- _TRY IT_:
Please give back only the lines below from the one containing "Hello everyone, hope" to the one containing "Leaf stenciled note", each repeated word for word, both ends included.

- _AVAILABLE RECORDS_:
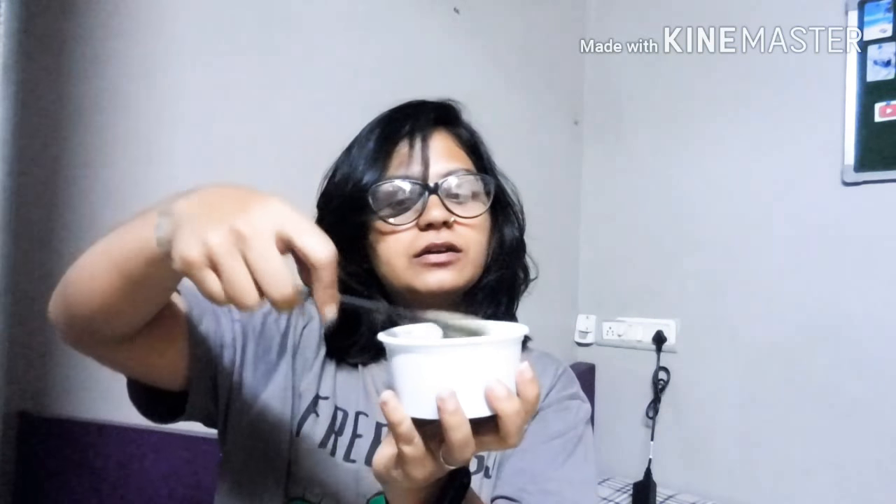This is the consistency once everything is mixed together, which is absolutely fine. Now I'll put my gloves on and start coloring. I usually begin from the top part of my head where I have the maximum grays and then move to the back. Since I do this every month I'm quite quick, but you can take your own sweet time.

---

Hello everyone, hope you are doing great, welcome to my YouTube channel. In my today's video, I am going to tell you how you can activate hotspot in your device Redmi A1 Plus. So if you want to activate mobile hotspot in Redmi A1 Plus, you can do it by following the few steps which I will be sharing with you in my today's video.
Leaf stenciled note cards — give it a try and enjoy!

...

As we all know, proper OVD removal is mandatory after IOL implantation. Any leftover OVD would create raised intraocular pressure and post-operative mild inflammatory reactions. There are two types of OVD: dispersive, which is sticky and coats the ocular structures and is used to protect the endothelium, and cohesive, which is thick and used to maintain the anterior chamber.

- _TASK OUTPUT_:
Hello everyone, hope you are doing great, welcome to my YouTube channel. In my today's video, I am going to tell you how you can activate hotspot in your device Redmi A1 Plus. So if you want to activate mobile hotspot in Redmi A1 Plus, you can do it by following the few steps which I will be sharing with you in my today's video.
Leaf stenciled note cards — give it a try and enjoy!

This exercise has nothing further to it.